In
certi casi la globalizzazione rappresenta un modo per conoscere e divulgare
specie che se utilizzate con accortezza possono essere un valido aiuto per risparmiare risorse e ottenere
vantaggi in termini economici e ambientali. Questo è il caso di un albero
originario della Cina, ma dal 1800 presente anche in Europa e in Italia e di cui, è proprio
il caso di dirlo, non si butta via niente. La Paulownia, conosciuta anche sotto
il nome di “Albero della Principessa”, ha il tasso di crescita più veloce al
mondo. L’alta velocità nello
sviluppo e le rigogliose fronde ne fanno un potente produttore di ossigeno e
assorbitore di anidride carbonica (il migliore secondo la Well Forestry
worldwide – carbon emission), oltre a questo non trascurabile dettaglio, la
Paulownia, produce un ottimo legno dopo soli quattro anni dalla messa a dimora
ed è praticamente inattaccabile da parassiti e malattie. La pianta raggiunge facilmente i 20 metri di altezza e ha poche
pretese sia per quanto riguarda i terreni (basta che siano profondi e drenanti)
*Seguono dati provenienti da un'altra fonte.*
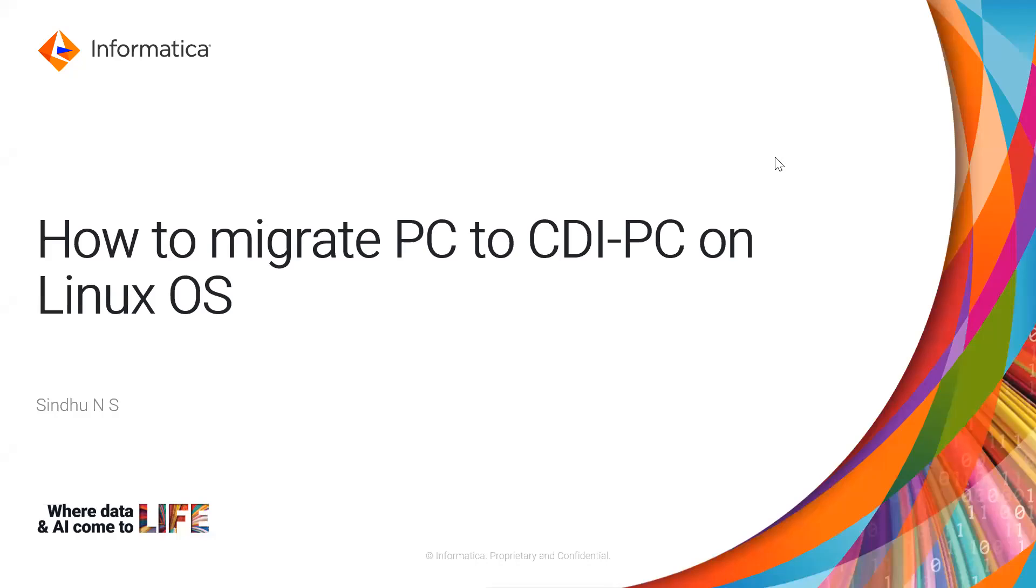Hello everyone, welcome to Informatica support videos. This is Sindhu from Informatica GCS.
sia in fatto di concimazioni. Per quanto riguarda l'irrigazione, la pianta, per tutto il ciclo di sviluppo, ha bisogno di abbondante acqua in estate, mentre viene ridotta nei periodi invernali, una volta cresciuta riesce a resistere anche a prolungate siccità.
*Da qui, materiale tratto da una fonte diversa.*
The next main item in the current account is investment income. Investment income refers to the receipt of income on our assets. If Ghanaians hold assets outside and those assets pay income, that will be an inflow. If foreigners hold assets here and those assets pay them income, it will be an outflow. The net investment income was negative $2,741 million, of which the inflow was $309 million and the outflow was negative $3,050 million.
L’apparato radicale si sviluppa
velocemente e in modo fittonante e può
raggiungere, al suo massimo sviluppo, 10/12 metri di lunghezza. Questa
particolarità lo rende impiegabile in ingegneria naturalistica per la
stabilizzazione delle zone franose.
Il
legno è pregiato e si presenta leggero, di colore bianco, senza venature, nodi e
difetti, ha un’alta resistenza al fuoco, buona elasticità e resistenza alla
perforazione.
Il fogliame ha delle buone proprietà nutritive e viene utilizzato
come mangime in zootecnia, inoltre, ha ottime proprietà fonoassorbenti dovute alla folta chioma e alla peluria presente sulla superficie delle foglie.
Anche la splendida e profumata fioritura di colore
rosa violaceo rappresenta un valore aggiunto per questa pianta, infatti, le api
gradiscono molto l'abbondante nettare prodotto dai fiori della Paulownia e riescono a produrre tra i 700 e i
1000 chili di ottimo miele per ogni ettaro di coltivazione (5/600 piante).
Dalla Paulownia si ricava una biomassa con ottime qualità carburenti e il pellet che si ottiene non ha bisogno di colle o aggreganti.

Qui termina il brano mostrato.